Distributed Security and Safety-Critical Formation Control for Multirobot Systems Subject to Distributed

Lang Zou, Xiangbin Liu, Dechao Gao

    IEEE Transactions on Cybernetics
    |May 19, 2026
    PubMed
    Summary
    This summary is machine-generated.

    This study introduces a resilient formation control for multirobot systems (MRSs) against denial-of-service (DDoS) attacks. The method ensures safety and formation objectives using distributed barrier certificates and directed acyclic graphs.

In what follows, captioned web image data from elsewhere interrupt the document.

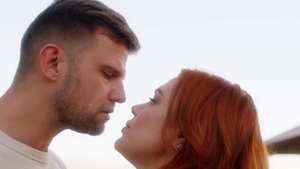 MILFY: Redhead Maitland Ward rushes squirting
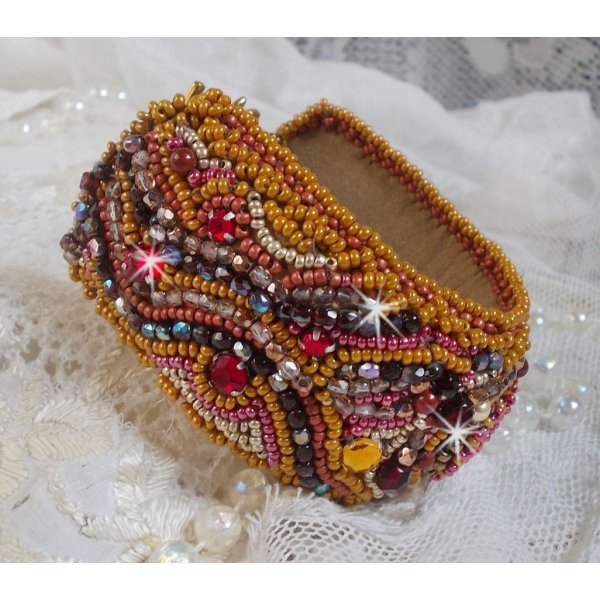 R&oslash;d jaspis mansjett armb&aring;nd brodert med en r&oslash;d jaspis cabochon, Swarovski krystaller og fr&oslash;perler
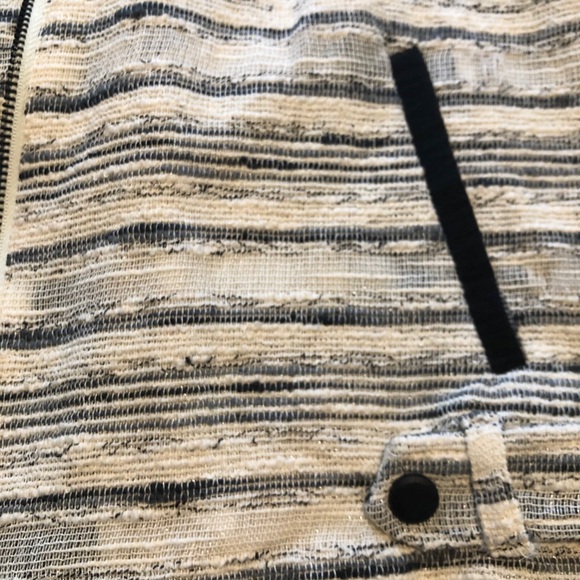 BCBG Black & White Vest Size M - Picture 3 of 4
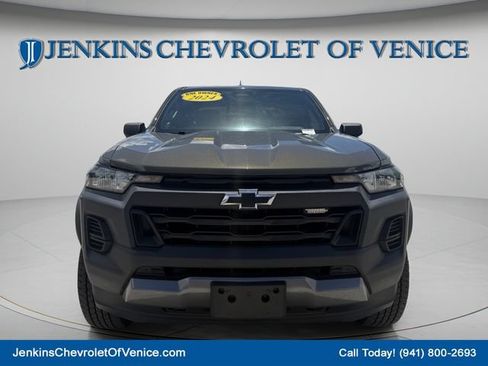 Used 2024 Chevrolet Colorado Trail Boss w/ Advanced Trailering Package AWD/4WD image 12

    Related Experiment Videos

    Area of Science:

    • Robotics
    • Control Systems
    • Cybersecurity

    Background:

    • Multirobot systems (MRSs) face cybersecurity threats like distributed denial-of-service (DDoS) attacks.
    • Ensuring physical safety and formation control in MRSs under cyberattacks is challenging.

    Purpose of the Study:

    • To propose a novel distributed formation control method for MRSs resilient to DDoS attacks.
    • To guarantee collision avoidance and formation objectives despite communication disruptions.

    Main Methods:

    • A directed acyclic graph (DAG) based distributed formation control approach.
    • Decomposition of centralized safety barrier certificates (from high-order control barrier functions - HOCBFs) into distributed components.
    • Integration of distributed safety certificates into a unified safety constraint for quadratic programming (QP) based control input generation.

    Main Results:

    • The proposed method enhances MRS resilience against DDoS attacks.
    • Formation objectives are achievable if communication topology edges are not fully disrupted.
    • Collision avoidance is guaranteed through distributed safety barrier certificates.

    Conclusions:

    • The novel distributed control method effectively addresses cybersecurity and physical safety challenges in MRSs.
    • The approach is validated through simulations and physical experiments, demonstrating practical applicability.